Siempre que sueño con él está vivo. Aparece de repente, bronceado, sonriente y viene hacia mí con los brazos abiertos. Pero, de dónde sales, le digo, pensábamos que estabas muerto. No sabes lo que hemos pasado. Y me abrazo a él a pesar de todo el enfado y me da igual porque está aquí y puedo olerle y oír su voz y en ese momento me doy cuenta de que la había olvidado. En algunos sueños parece que viene de Brasil y en otros parece venir de escalar montañas en Suiza, pero en todos lleva una postal en la mano. ¿Ves?, me dice, si os iba a mandar esta postal para la colección de la ama, pero se me olvidó echarla, está escrita y todo. Cuando me despierto y me acuerdo, sonrío. Vaya, he vuelto a verle, me digo.

Mi padre me llamó aquel 30 de junio para decirme que mi hermano había tenido un accidente con la bici. Apenas alcancé a comprender que había muerto. Me escondí en lo que había que hacer. Buscar a mi madre, a su novia, recogerlas, ir a Pamplona y hacer todos los trámites.

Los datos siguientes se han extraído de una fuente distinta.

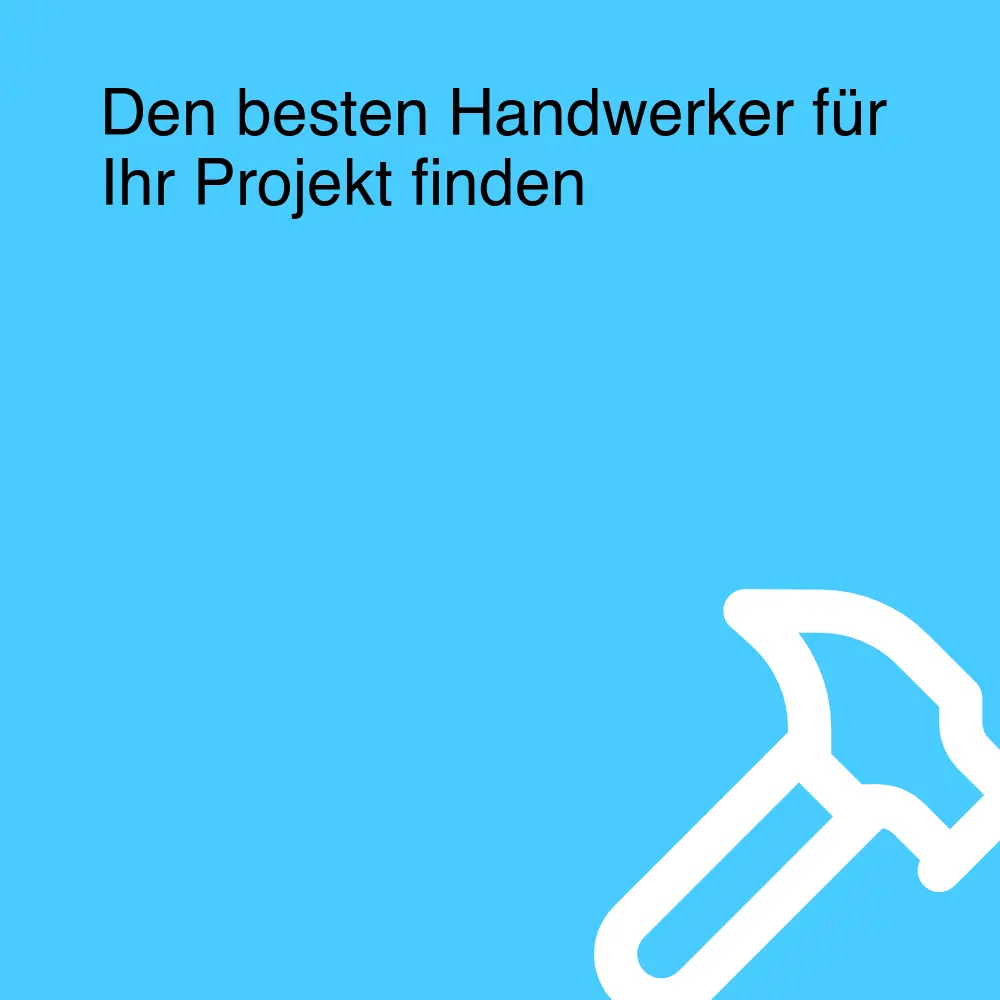 Den besten Handwerker für Ihr Projekt finden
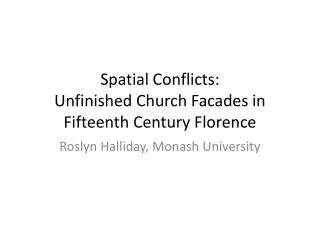 Spatial Conflicts: Unfinished Church Facades in Fifteenth Century Florence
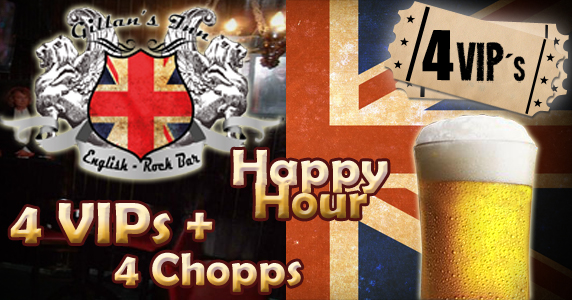 4 VIPs + 4 Chopps no Happy Hour do Gillan's Inn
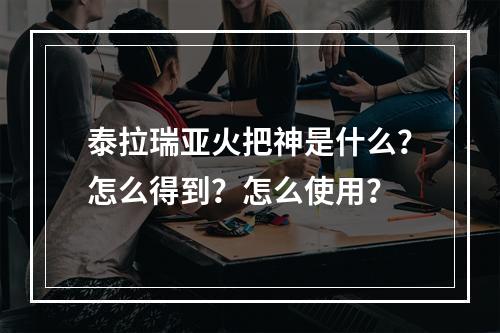 泰拉瑞亚火把神是什么？怎么得到？怎么使用？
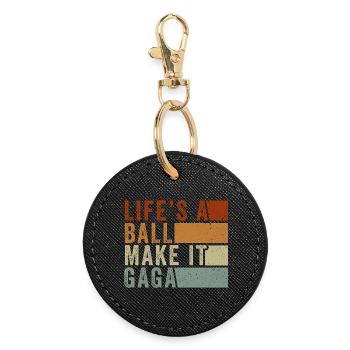 Life's a Ball Make It Gaga - Round Keyring - black - Front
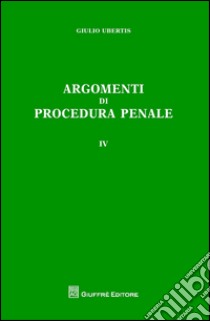 Argomenti di procedura penale. Vol. 4 libro di Ubertis Giulio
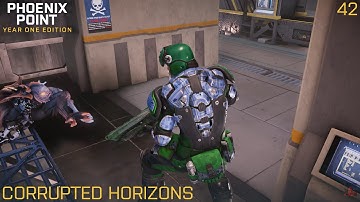 Phoenix Point - Corrupted Horizons - Legend - Part 42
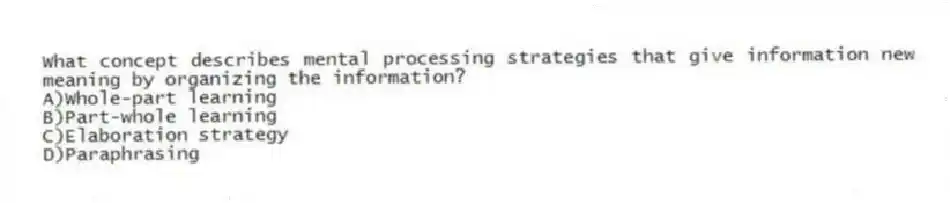 What concept describes mental processing strategies that give information new meaning by organizing the information?
A)Whole-part learning
B)Part-whole learning
C)Elaboration strategy
D)Paraphrasing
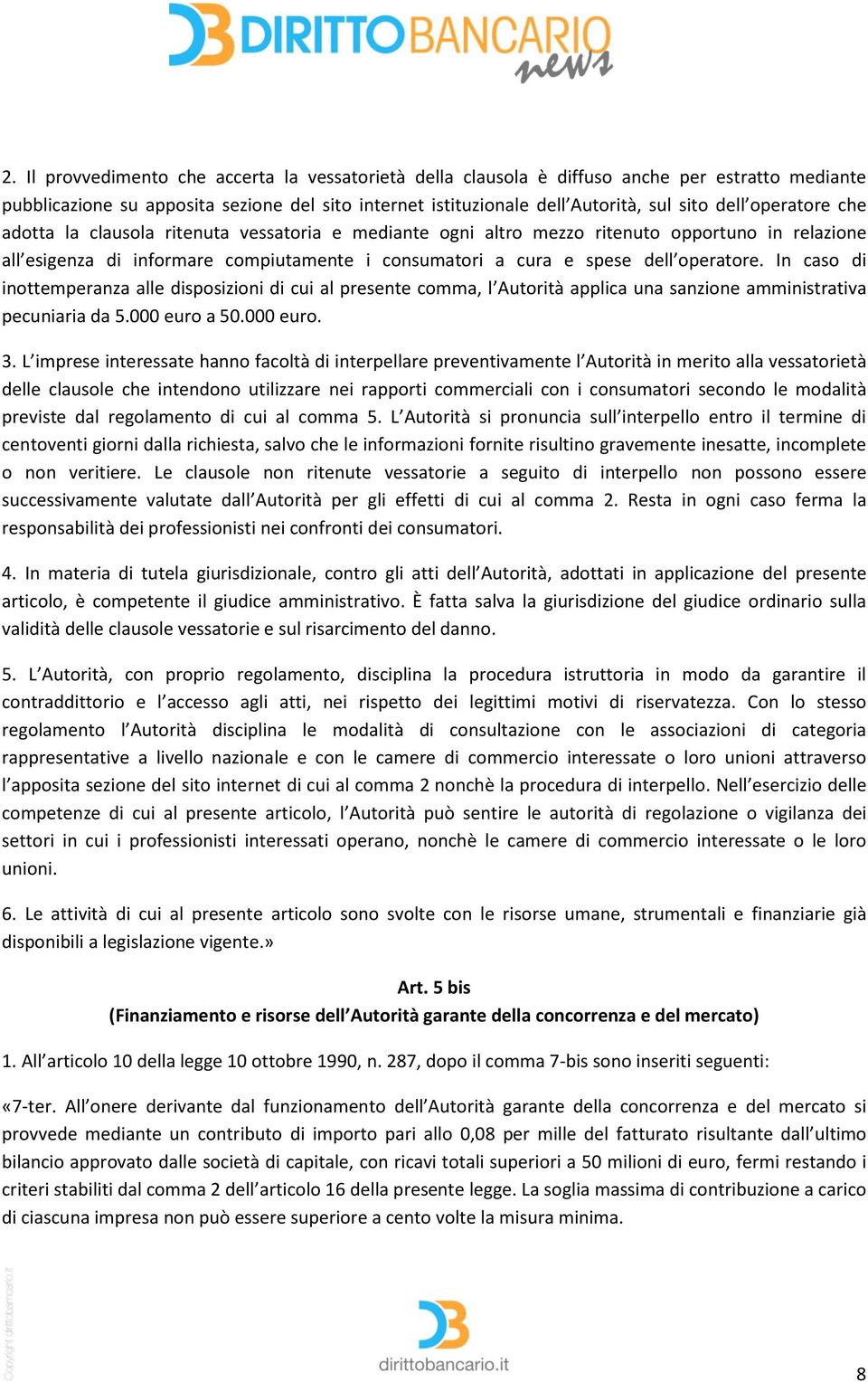 In caso di inottemperanza alle disposizioni di cui al presente comma, l Autorità applica una sanzione amministrativa pecuniaria da 5.000 euro a 50.000 euro. 3.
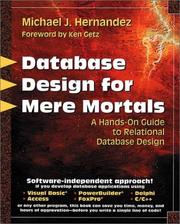 Cover of: Database Design for Mere Mortals by Michael J. Hernandez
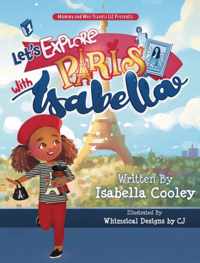 Let&apos;s Explore Paris With Isabella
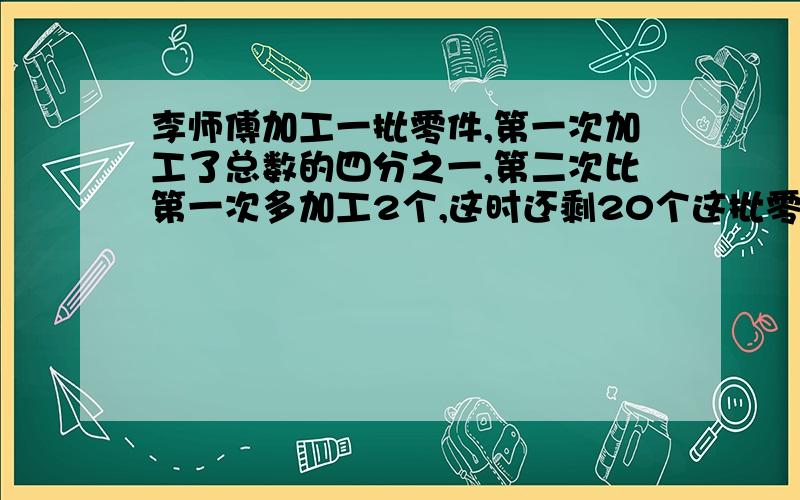 李师傅加工一批零件,第一次加工了总数的四分之一,第二次比第一次多加工2个,这时还剩20个这批零件有几个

Aguanté el tipo hasta la vuelta a casa, de madrugada, después de dejarle en el tanatorio. Pero cuando mi padre sacó una bolsa de plástico con las cosas que le habían dado en el hospital: la cartera, el reloj roto y una postal, me derrumbé. Ver sus cosas abandonadas fue darme cuenta en ese preciso instante de que mi hermano ya no estaba, de que no volvería a verle ni a escuchar su risa, de que ya nunca volveríamos a recibir la postal que siempre nos mandaba. Me abracé a mi padre y solo entonces lloré.